A Dra. Linda Geddes diz que quando ficou grávida, há três anos, sentiu-se paralisada por todos os conselhos conflitantes sobre a gravidez.

 
 
A Dra. Linda Geddes diz que quando ficou grávida, há três anos, sentiu-se paralisada por todos os conselhos conflitantes sobre a gravidez. Ela também estava obcecada com o pouco de vida que estava crescendo dentro dela, e desesperada para obter mais informações sobre o que estava fazendo de certo ou errado.
 
 
“Aprendi que grande parte da pesquisa que sustenta o médico em coisas como o consumo de álcool - e até mesmo os benefícios de saúde do aleitamento materno - está longe de ser clara e, muitas vezes dirigida à população em geral, ao invés de tomar o indivíduo em consideração”.
 
 
No caso do álcool, não há evidências claras de que beber pesado é prejudicial - e até mesmo uma taça diária de vinho pode aumentar as chances de um bebê nascer com baixo peso, o que acarreta riscos adicionais para a sua saúde. No entanto, abaixo deste nível, há uma zona cinzenta enorme onde os cientistas simplesmente ainda não sabem se o álcool causa danos.
 
 
Quando se trata de amamentação, é bem verdade que o leite materno é o melhor para os bebês, ou pelo menos melhor do que o leite em pó em termos de protegê-los contra infecções a curto prazo. Mas quando se trata do tão propalado benefícios a longo prazo do aleitamento materno, como a proteção contra a obesidade, diabetes ou alergia, a pesquisa é menos convincente.
 
 
Certamente, as mulheres que não podem amamentar por qualquer motivo, e que vivem em países com um nível de cuidados de saúde, não devem perder muito tempo se preocupando que elas estão causando danos a longo prazo para a saúde do seu bebê.
 
 
“No entanto, o que me assustou mais foi a constatação de que muito do que as mulheres são informadas sobre os riscos de intervenções médicas durante o trabalho - coisas como indução, anestesia epidural e submetidas a uma secção c - são exageradas”.
 
 
“Ao mesmo tempo, as estatísticas sobre as chances de precisar de assistência médica ou de complicações como ruptura durante um parto vaginal frequentemente não se fala.
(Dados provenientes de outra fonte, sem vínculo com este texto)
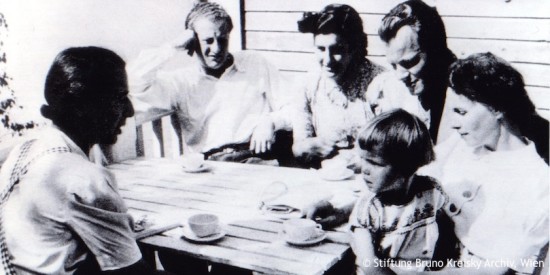 Willy Brandt sitzt mit Carlota Thorkildsen und Freunden um einen Tisch. Carlota hat Tochter Ninja auf dem Schoß. Fotografie in Schwarz-Weiß. Öffnet weitere Informationen zu dieser Ehe.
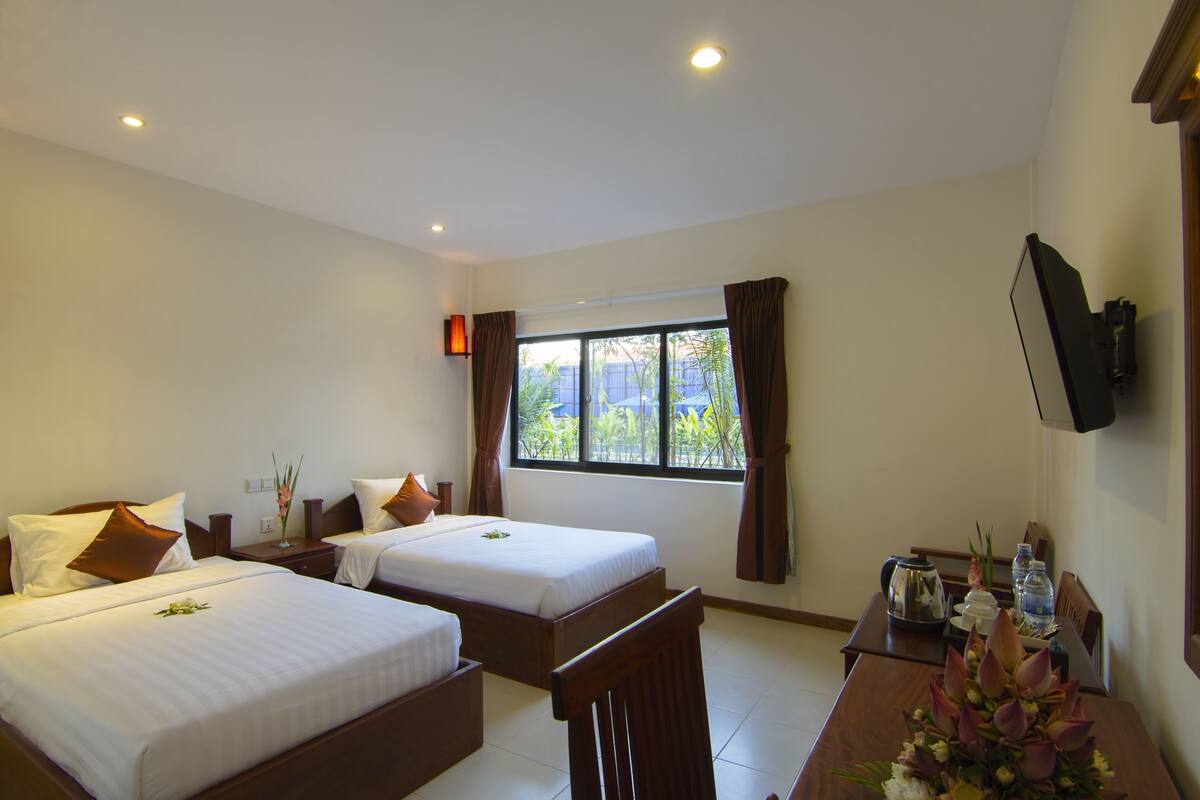 A hotel room with two beds, a desk with a chair, a TV mounted on the wall, and a window with curtains.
Acredito que o acesso a este tipo de informação pode ter uma grande influência sobre as expectativas de trabalho das mulheres e em algumas das decisões que elas tomam quando se planejam para o nascimento de seu filho”.
 
 
Ter um bebê pode ser uma das maiores alegrias que a vida concede. No entanto, também é um trabalho árduo e novos pais podem fazer isso sem a culpa desnecessária, ansiedade e dúvida que os conselhos sobre a gravidez trazem.
 
 
“É também um momento de grande admiração e através da minha pesquisa eu aprendi coisas sobre meus próprios filhos que nunca deixará de me surpreender. Eu acredito que é hora de deixar de lado o alarmismo e permitir aos pais a liberdade de desfrutar este período precioso de suas vidas”, ela conclui.